If the Rockies and Red Sox can agree to a deal that would send Todd Helton to Boston, the first baseman told The Denver Post that he likely wouldn't veto the trade.
Helton, who has a complete no-trade clause, wouldn't confirm that he had set a deadline for a trade to be worked out, but told the Post "yes" when asked if he would consider accepting a trade to the Red Sox.
Sources told ESPN The Magazine's Buster Olney that the Rockies are in high-level talks to trade Helton to the Red Sox in a deal that could send third baseman Mike Lowell and right-handed reliever Julian Tavarez to Colorado.
According to the Post, which first reported the talks in its Saturday editions, discussions between the clubs are set to resume Monday or Tuesday, when Rockies general manager Dan O'Dowd returns to Denver after attending to a family matter out of town.
According to major league sources, conversations between the Red Sox and Rockies began last fall, and at that time, one of the sides felt there could be an acceptable framework to make a deal.
Talks resumed at the ownership level about 10 days ago and have moved forward from there. Both sides are in virtual agreement on the dollars, with the Rockies likely responsible for slightly less than half of
Helton's remaining six-year, $90.1 million guaranteed pact.

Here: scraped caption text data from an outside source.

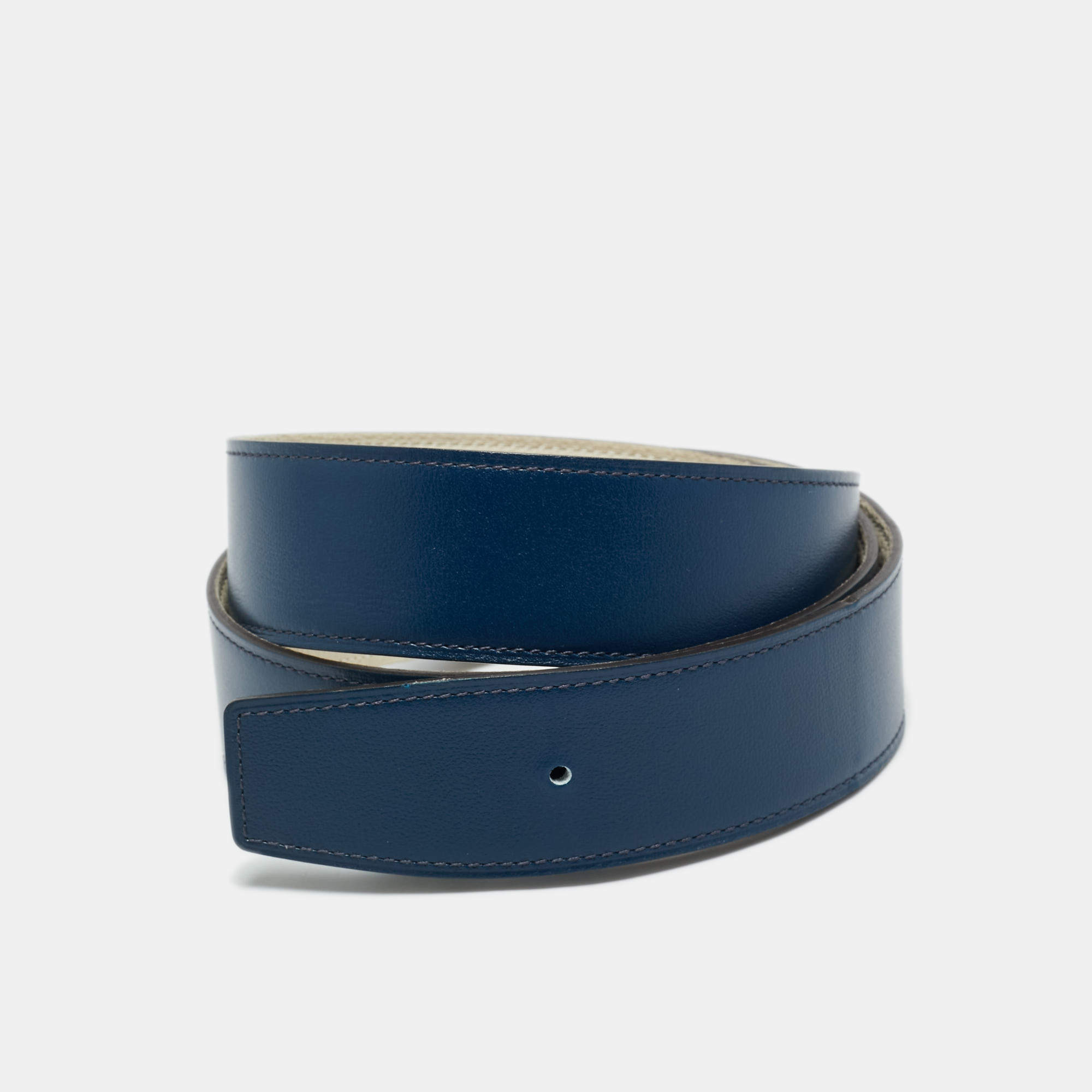 Pre Owned Hermes Bleu de Malte/Craie Box and Togo Leather Reversible Belt Strap 95 CM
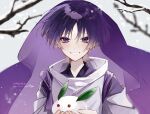  1boy bare_tree blunt_ends blush bow branch clothing_cutout ego_(ego_inp) eyeliner eyeshadow genshin_impact happy highres holding japanese_clothes kimono layered_sleeves leaf looking_at_viewer makeup male_focus open_mouth outdoors overcast pebble portrait purple_bow purple_eyes purple_hair purple_kimono purple_sleeves purple_veil red_eyeliner red_eyeshadow scaramouche_(genshin_impact) scaramouche_(kabukimono)_(genshin_impact) see-through_clothes see-through_veil shoulder_cutout sky snow_rabbit snowball snowing solo tasuki translation_request tree tsurime veil white_mouth white_sleeves wispy_bangs 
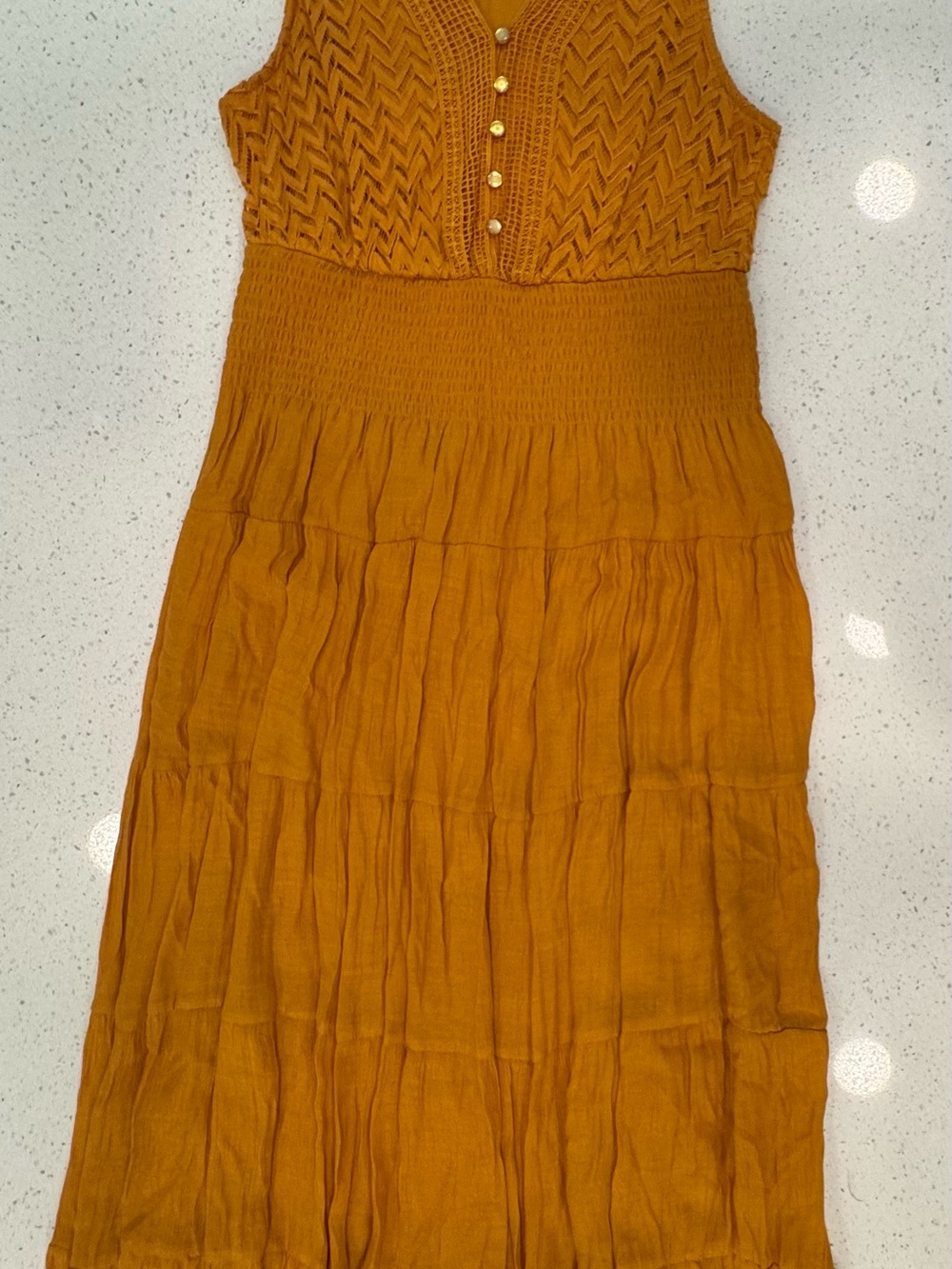 J Glee Mustard Yellow Maxi, Boho Cottage Core Dress, V-neck Crocheted Bodice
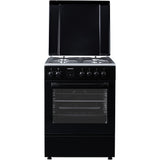 Cuisinière à gaz Heinner HFSC-S66FDCC-IBK – 50 cm – 4 zones de cuisson – four avec 6 fonctions et gril – noir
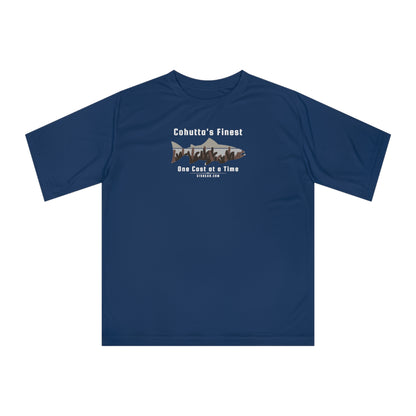 Navy Blue performance t-shirt with fishing theme graphic and text 'Cohutta's Finest One Cast at a Time'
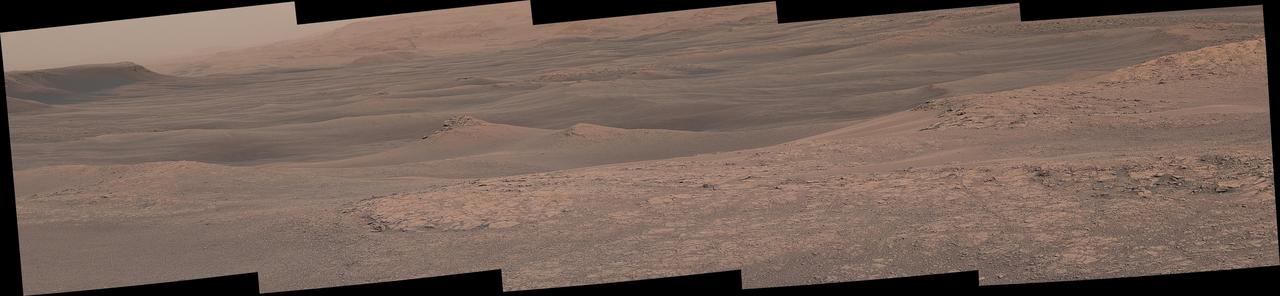 The hills and troughs in this little valley, carved between a ridge and cliffs higher up Mount Sharp, almost look like undulating waves. The Mast Camera (Mastcam) on NASA's Curiosity Mars rover captured this mosaic as it explored the "clay-bearing unit" on Jan. 23, 2019 (Sol 2299).  At the top left corner is part of the Vera Rubin Ridge, from which Curiosity departed earlier this year; the rocky hill at center left has been nicknamed "Knockfarril Hill." The science team is trying to figure out how this landscape formed over billions of years. At present, the clearest takeaway is that the clay-bearing unit is softer than the ridge: The former has eroded into a valley between the ridge and Mount Sharp, while the ridge has resisted erosion.  The scene is presented with a color adjustment that approximates white balancing to resemble how the rocks and sand would appear under daytime lighting conditions on Earth.  https://photojournal.jpl.nasa.gov/catalog/PIA23137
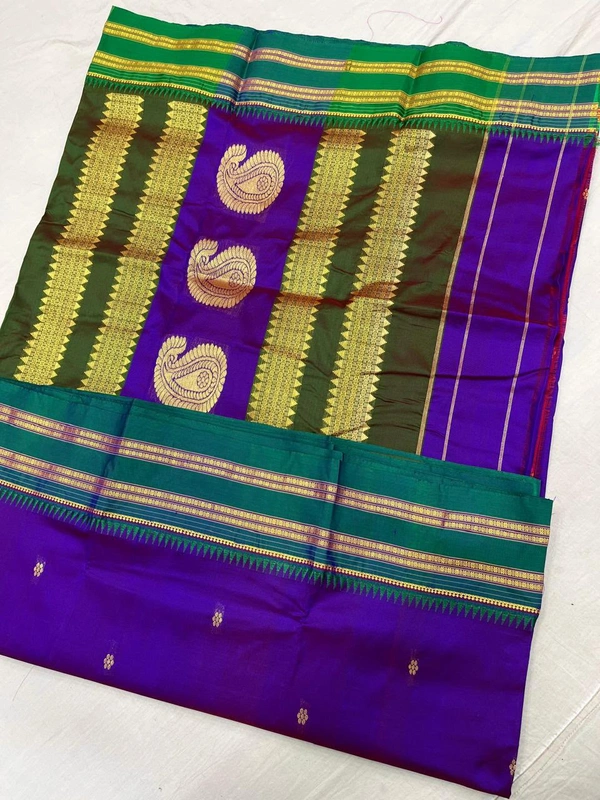 High-End Handloom Narayanpeth Silk Saree with Woven Zari Design - Free, Deep Violet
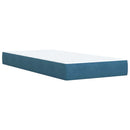 vidaXL Boxspring ágy matraccal fejtámlával Kék 90 x 190 cm Bársony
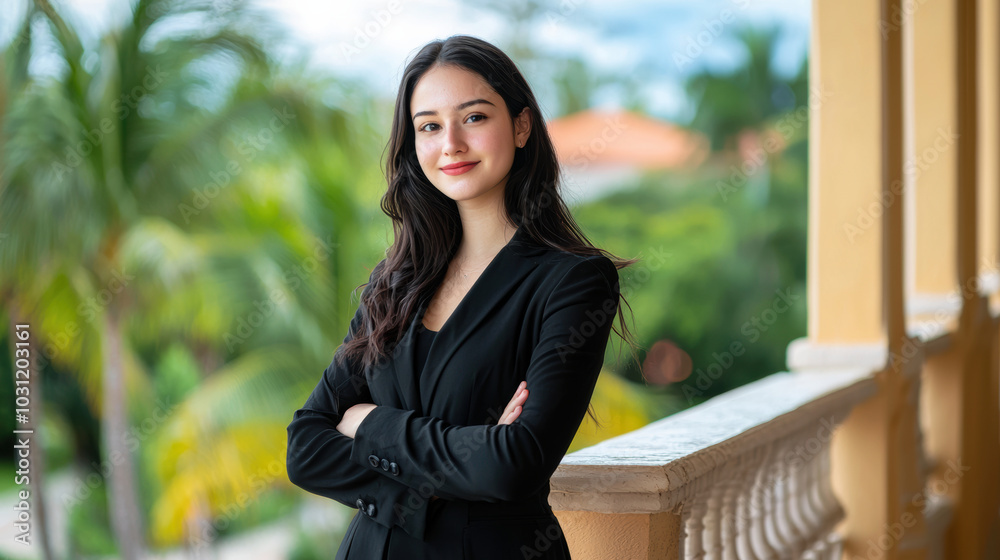 Confident woman in black suit standing outdoors with palms Confident woman in black suit standing outdoors with palms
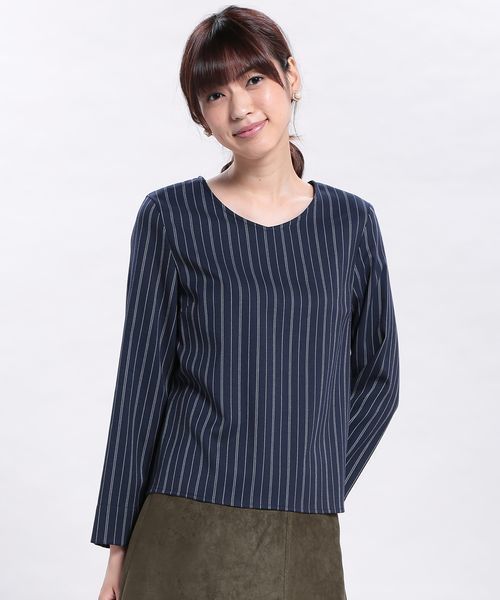 ROPE' PICNIC（ロペピクニック）の「ツイルストライププルオーバー（シャツ/ブラウス・レディース・キャメル/ネイビー/オフホワイト・38）」の2枚目の写真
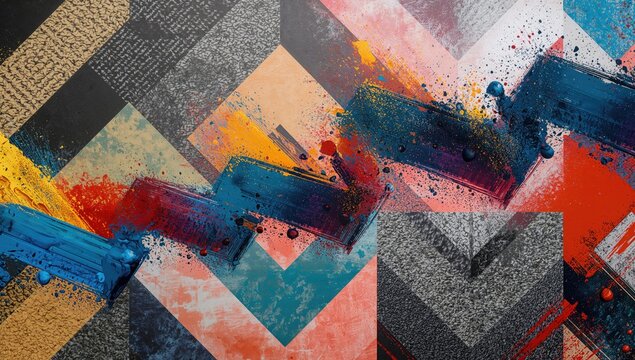 Abstract Colorful Geometric Pattern with Brush Strokes and Texture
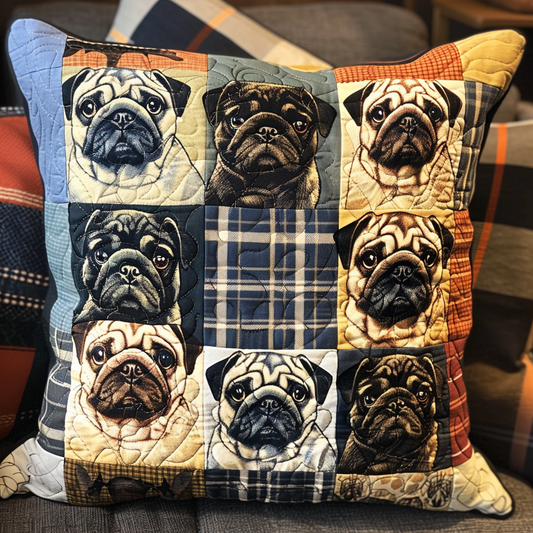 Vintage Pug Art Quilted Pillow Case NCU0TH147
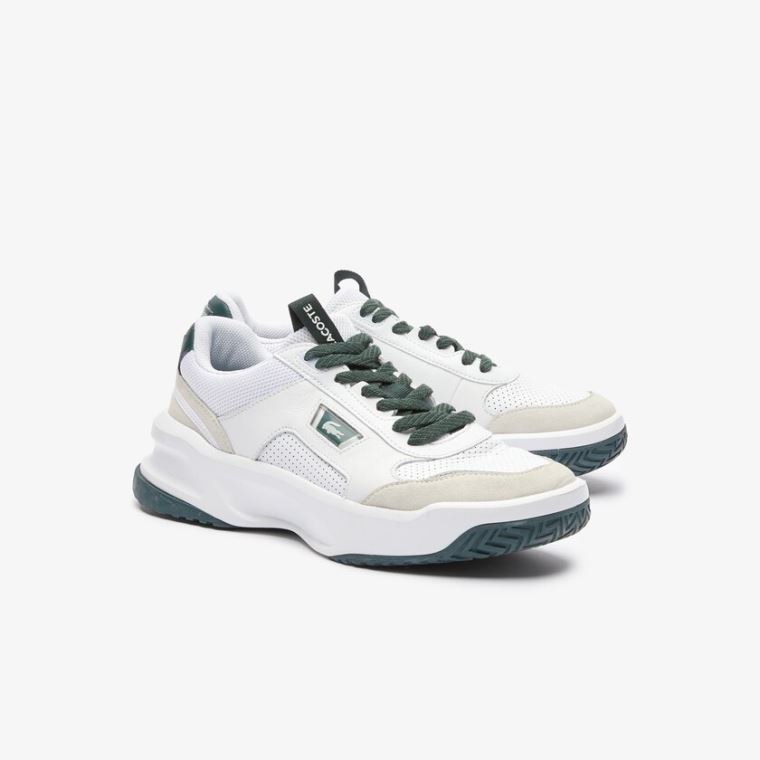 Lacoste Ace Lift Colourblock Deri Reflective Sneakers Beyaz Koyu Yeşil | jG9O8Sbz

Helton is due to make $16.6 million this season (and each of the following three seasons) on a team with a projected payroll of about $55 million, something Rockies owner Charlie Monfort has called problematic.
Monfort didn't return phone calls to The Associated Press over the weekend, but he told mlb.com that Helton, who has a complete no-trade clause, has indicated he would be amenable to a trade to the Red Sox.
In the current proposal, the Red Sox would send Lowell, Tavarez and prospects
to the Rockies. But the identity of the prospects could hold up the deal: The Rockies want relief pitchers Craig Hansen and Manny Delcarmen, while the Red Sox do not want to give up either at this time.
Helton, who signed with the Rockies as a first-round pick in 1995, has starred for Colorado since 1998. He signed a nine-year, $141.5 million extension that took effect in 2003.
Lowell will earn $9 million next season, the final year of his contract. Tavarez is guaranteed $3.1 million next season with a $3.85 million option for 2008 that is guaranteed if he makes 65 appearances.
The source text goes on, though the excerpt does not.